Ethnic groups in Italy

The major ethnic group in Italy is the Italians, who account for 95% (above 60 million) of the total population of Italy. The remaining 5% of the population consists of ethnicities like Albanians, Romanians, Ukrainians, and other Europeans (2.5%); Africans (1.5%), and several other minorities (1%).


For a long period, the region where modern days Italy exists as a single state was divided into separate provinces controlled by different ethnicities. In the past, Greeks, Celts, Romans, and older Italian peoples had control of the Italian peninsula. The Romans were strong in northern Italy, while Greeks dominated the south, and the early Italian tribes were found in the northern and central parts of the peninsula. Others that ruled different regions of the Italian peninsula in varied periods belonged to ethnicities that included Catalans, Norman, Swabian, and Angevin.

Because of this joint occupation, several descendants of the different ethnic groups remained back in Italy and eventually accepted themselves as Italians. The culture of the Italians has been strongly influenced by those of the Romans, who were very aggressive rulers in the history of Italy. As Italy had remained in a divided form for several centuries, the Italians from each of these provinces had their own regional dialects and culture, which can still be seen in Italy.

One survey claims that Italians choose to settle in rural locations rather than larger cities. It claims that only about 60% of Italians stay in cities, which is the lowest compared to other populations in other European countries. Many Italians prefer to be identified by their province, which is their native region. Major Italians are Roman Catholics though some minor groups follow Protestantism or Judaism.
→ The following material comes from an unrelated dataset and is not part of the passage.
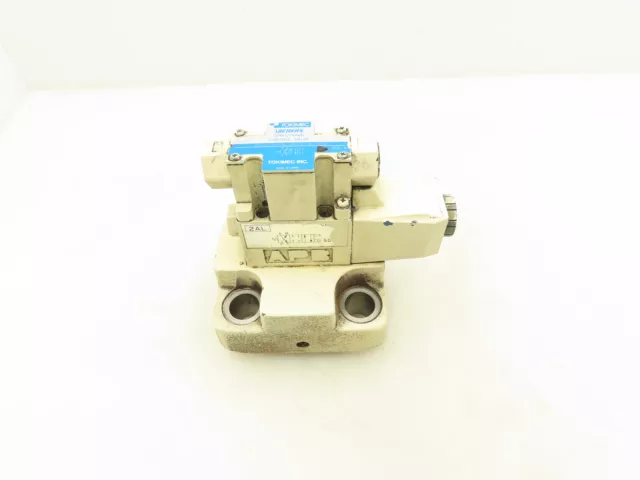 Tokimec Vickers CVC-40-D3-T39-10-JA Solenoid Control Cartridge Valve Cover 24VDC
Italians from diverse fields have contributed a lot to our world. Numerous Italian scientists that have created some world-famous inventions include but are not limited to Leonardo Da Vinci, Galileo, the man who showed practically Kepler’s laws of planetary movement, Antonio Meucci- who invented the telephone, Antonio Pacinotti- who invented the dynamo and Alessandro Volta- who invented an electric battery.


Around two thousand years ago, the island of Sicily was ruled by the African Arabs for nearly two hundred years. Though it has been long since their defeat by the Normans, even today, about half a million African Arabs settled in Italy. There are also another 100,000 Africans apart from the Arabs, who have immigrated to Italy in recent years.